Exactly as written, print every line of the listing below and omit its pictures.

+++ Supplied material

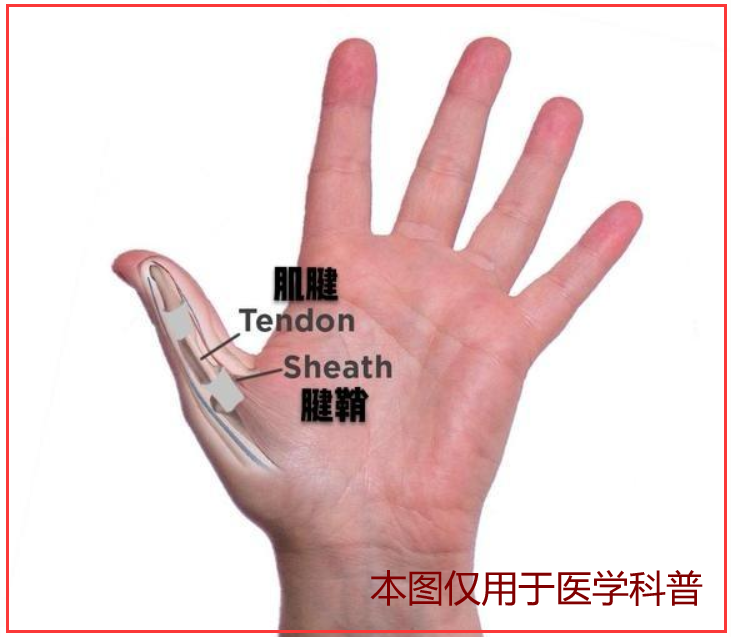 手指有腱鞘炎，怎么治才能好得快？别花冤枉钱了，医生教您5招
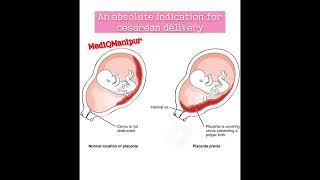 Placenta previa Cesarean sectiondoctor anatomy obstetrician nursing medicalstudent [upl. by Leunas]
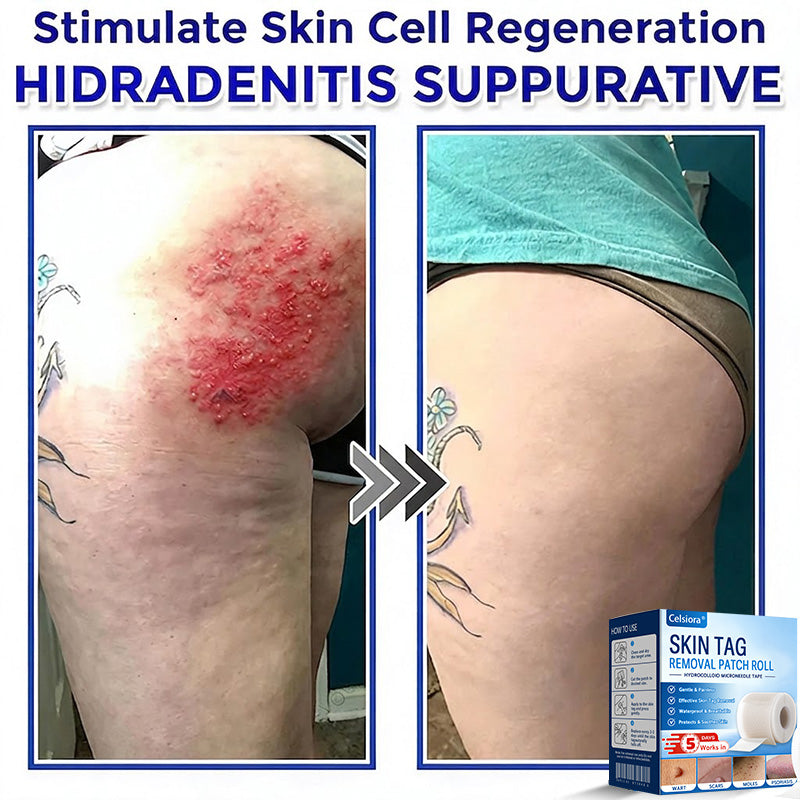 🧙‍♂️Celsiora® Multi-Functional Microneedle Hydrocolloid Patch Roll | Targets Skin Tags, Warts & Stubborn Blemishes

++++++

| The answer |
 手指有腱鞘炎，怎么治才能好得快？别花冤枉钱了，医生教您5招
 Placenta previa Cesarean sectiondoctor anatomy obstetrician nursing medicalstudent [upl. by Leunas]
 🧙‍♂️Celsiora® Multi-Functional Microneedle Hydrocolloid Patch Roll | Targets Skin Tags, Warts & Stubborn Blemishes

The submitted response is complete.